Problems with passwords are well-documented. They’re easy to guess, they can be sniffed in transit, stolen by malware, phished or leaked. This has led to loads of academic research seeking to replace passwords with something, anything, that fixes these “obvious” problems. There’s also a smaller sub-field of papers attempting to explain why passwords have survived. We’ve made the point well that network economics heavily favor passwords as the incumbent, but underestimated how effectively the risks of passwords can be managed in practice by good machine learning.

From my brief time at Google, my internship at Yahoo!, and conversations with other companies doing web authentication at scale, I’ve observed that as authentication systems develop they gradually merge with other abuse-fighting systems dealing with various forms of spam (email, account creation, link, etc.) and phishing. Authentication eventually loses its binary nature and becomes a fuzzy classification problem.

This is not a new observation. It’s generally accepted for banking authentication and some researchers like Dinei Florêncio and Cormac Herley have made it for web passwords. Still, much of the security research community thinks of password authentication in a binary way (much of my own research on measuring password guessing difficulty is admittedly guilty). Spam and phishing provide insightful examples: technical solutions (like Hashcash, DKIM signing, or EV certificates), have generally failed but in practice machine learning has greatly reduced these problems. The theory has largely held up that with enough data we can train reasonably effective classifiers to solve seemingly intractable problems.

Similarly, the ultimate answer to the intractable question of “what will replace passwords?” might be nothing. Passwords will stick around as one of many useful authentication signals fed into various classifiers looking for account compromise at different stages of authentication. Large providers already use many other input signals including the source IP address, browser information and user agent string, cookies cached on the browser, the time of the login and the number of incorrect password guesses. More factors can be added over time: more complex behavioral profiles of users, cryptographic means to identify browsers like origin-bound certificates, one-time codes sent by SMS or generated by a mobile device, or perhaps lightweight biometrics like typing dynamics. No magic combination of these will always be correct or available, but this is exactly where machine learning can shine by taking what signals are available and estimating the probability that the correct human is present.

As authentication becomes a classification problem, it can become more nuanced. In the face of high uncertainty a site can ask for more signals (such as answering questions about one’s history of interaction with a site or identifying friends in photographs). It will become increasingly common to grant authentication with limited rights such as the ability to read email but not change persistent account settings. Authentication can also continue after password approval, using interactions with the site as additional signals to detect account compromise.

Possibly the most important implication, though, is that web authentication will be increasingly difficult for all but the largest providers. Some of this is basic economy of scale: when I consult with small-to-medium sites it’s often one overworked web developer who has a dozen priorities higher than hashing and salting passwords correctly, while big sites can afford a large team of dedicated security engineers. Most of the big web companies have also attained their position partially thanks to their experience building large-scale machine learning systems, so they have machine learning experts around to help.

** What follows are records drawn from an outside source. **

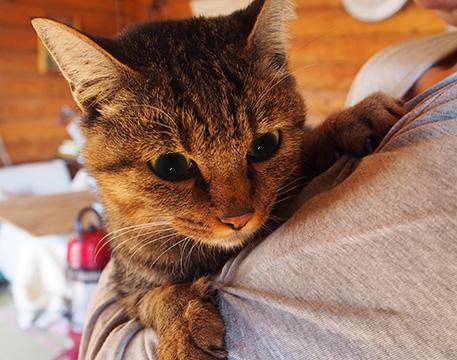 広島県 優しく大人しいとっても可愛い子です 猫の里親募集 ネコジルシ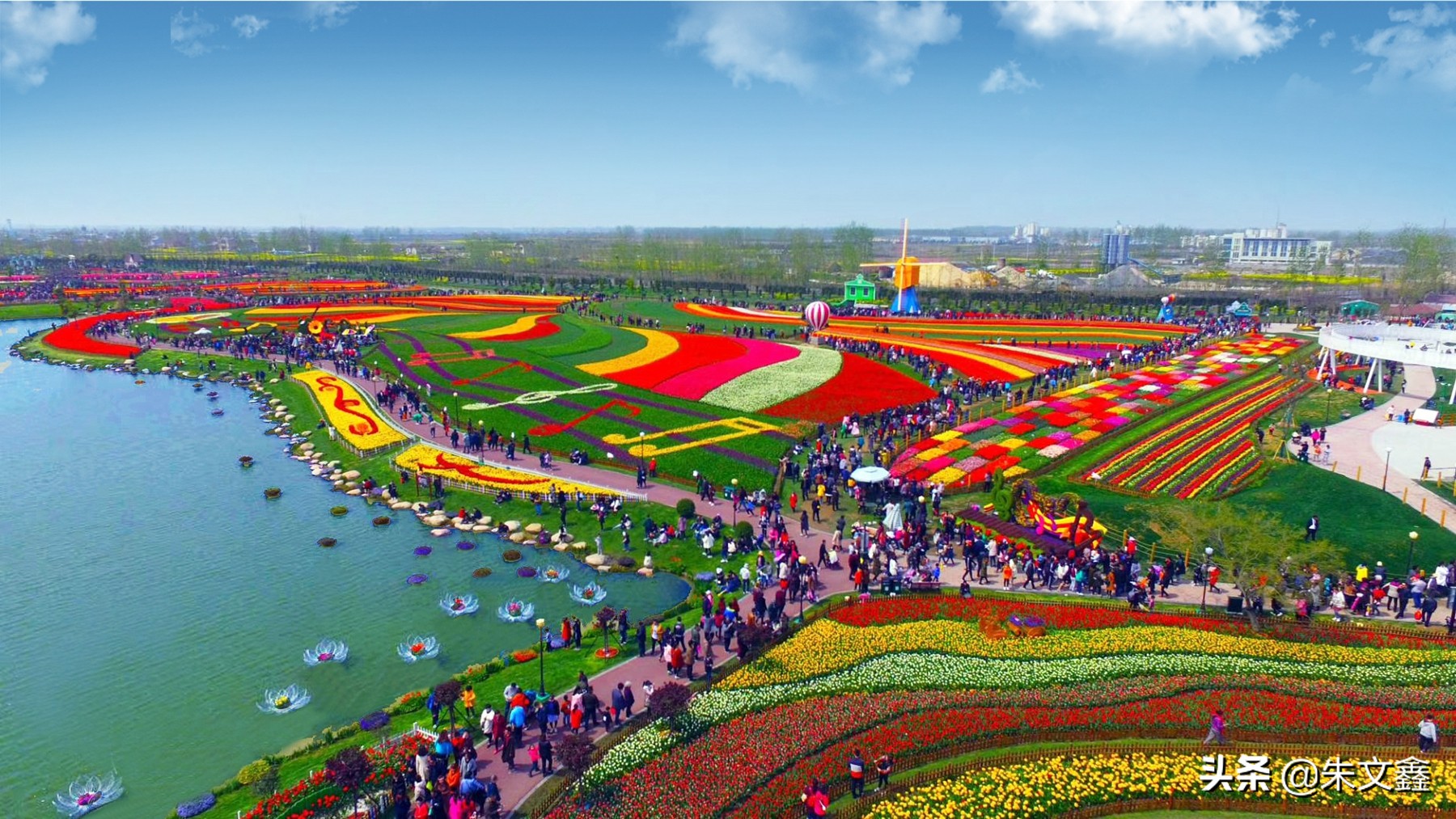 大丰荷兰花海郁金香开了没有,荷兰花海现在有郁金香吗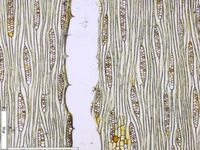 Tangential section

Most importantly though, as authentication becomes machine learning it requires data. Big sites have more data not just because they have more users, but because users interact with the largest sites much more frequently and reveal far more data about themselves. This data is invaluable for building and tuning models of user behavior to detect account compromise. Centralisation amongst Internet companies is being predicted for many reasons, but an underrated driver may be the amount of data required to authenticate users on the web.

NOTE: This blog post represents my own opinions based on my research and consulting work and not those of my employer, Google. In particular, I have not been working closely with the authentication team at Google.

Thanks to Arvind Narayanan, Cormac Herley, Ross Anderson, Umesh Shankar, and many audience members during my Princeton talk for discussions which led to this post.